À Leeds, il se lance dans la composition de sa première œuvre poétique d’envergure : le « Lai des Enfants de Húrin », un long poème en vers allitératifs (dans la tradition de Beowulf) qu’il abandonne au milieu des années 1920 en faveur du « Lai de Leithian », en vers octosyllabiques.
Ces œuvres majeures, en lien avec « Le Silmarillion », ont été éditées par Christopher Tolkien dans Les Lais du Beleriand (Histoire de la Terre du Milieu, Vol. III).

Le vieil anglais et le norrois

Autour de son activité universitaire, et en dehors des légendes de la Terre du Milieu, Tolkien réalise des traductions de poèmes médiévaux, dont celles de Sire Gauvain et le Chevalier vert, Pearl et Sir Orfeo, publiées en 1975. Quant au « Retour de Beorhtnoth fils de Beorhthelm », paru en français dans Faërie et autres textes, il s’agit d’un dialogue entre deux serviteurs chargés de récupérer le corps de leur seigneur, inspiré du poème La Bataille de Maldon en vieil anglais.

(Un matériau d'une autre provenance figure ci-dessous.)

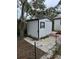 White storage shed with a ramp and small window at 5902 18Th St, Zephyrhills, FL 33542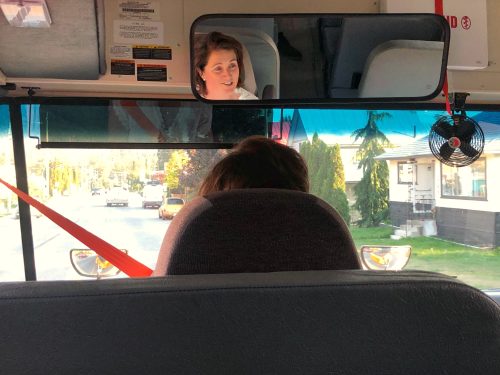 Person driving with their face in the mirror.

« Le Nouveau Lai des Völsungs » et « Le Nouveau Lai de Gudrún» (publiés dans La Légende de Sigurd et Gudrún) reprennent des épisodes de la saga islandaise des Völsungs ; La Chute d’Arthur, poème inspiré de la légende médiévale du héros éponyme, a été édité par Christopher Tolkien en 2013. Enfin, « Le Lai d’Aotrou et Itroun » raconte l’histoire tragique d’un couple de nobles bretons trahis par une sorcière ; très estimé de ses lecteurs, il n’a pas encore été réédité depuis sa publication dans le magazine Welsh Review, en 1945.

La fabrication des mythes

Dans toute cette foisonnante poésie, Tolkien fait montre des mêmes talents de conteur que nous lui connaissons dans ses œuvres en prose. Mais s’il est un poème où Tolkien livre l’essence de son art, celui du « faiseur de légendes », c’est bien ce « Mythopoeia » adressé « à celui qui a dit que les mythes étaient des mensonges (…), quoique “soufflés dans du Vermeil” » :

He sees no stars who does not see them first
of living silver made that sudden burst
to flame like flowers beneath an ancient song,
whose very echo after-music long
has since pursued.

(Il ne voit pas les astres qui ne les voit d’abord, comme le vif-argent soudain fendu, en flammes faites fleurs par l’ancien chant, lui dont l’écho, la musique fuyant, demeure encor.)